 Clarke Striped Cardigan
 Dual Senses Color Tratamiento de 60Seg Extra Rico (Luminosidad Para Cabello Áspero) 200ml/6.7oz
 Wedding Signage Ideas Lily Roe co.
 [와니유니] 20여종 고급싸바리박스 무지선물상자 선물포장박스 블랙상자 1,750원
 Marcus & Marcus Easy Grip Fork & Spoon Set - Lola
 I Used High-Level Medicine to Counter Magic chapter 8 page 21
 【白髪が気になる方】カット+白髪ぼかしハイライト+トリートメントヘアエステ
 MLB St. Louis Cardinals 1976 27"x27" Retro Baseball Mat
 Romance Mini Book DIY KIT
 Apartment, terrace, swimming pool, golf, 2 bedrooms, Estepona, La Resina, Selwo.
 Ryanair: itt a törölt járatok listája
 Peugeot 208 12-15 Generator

_What needs to be done_
Once the line containing "Dual Senses Color" is found, print it and every line after it through the end of the listing, exactly and alone.

_Task solution_
 Dual Senses Color Tratamiento de 60Seg Extra Rico (Luminosidad Para Cabello Áspero) 200ml/6.7oz
 Wedding Signage Ideas Lily Roe co.
 [와니유니] 20여종 고급싸바리박스 무지선물상자 선물포장박스 블랙상자 1,750원
 Marcus & Marcus Easy Grip Fork & Spoon Set - Lola
 I Used High-Level Medicine to Counter Magic chapter 8 page 21
 【白髪が気になる方】カット+白髪ぼかしハイライト+トリートメントヘアエステ
 MLB St. Louis Cardinals 1976 27"x27" Retro Baseball Mat
 Romance Mini Book DIY KIT
 Apartment, terrace, swimming pool, golf, 2 bedrooms, Estepona, La Resina, Selwo.
 Ryanair: itt a törölt járatok listája
 Peugeot 208 12-15 Generator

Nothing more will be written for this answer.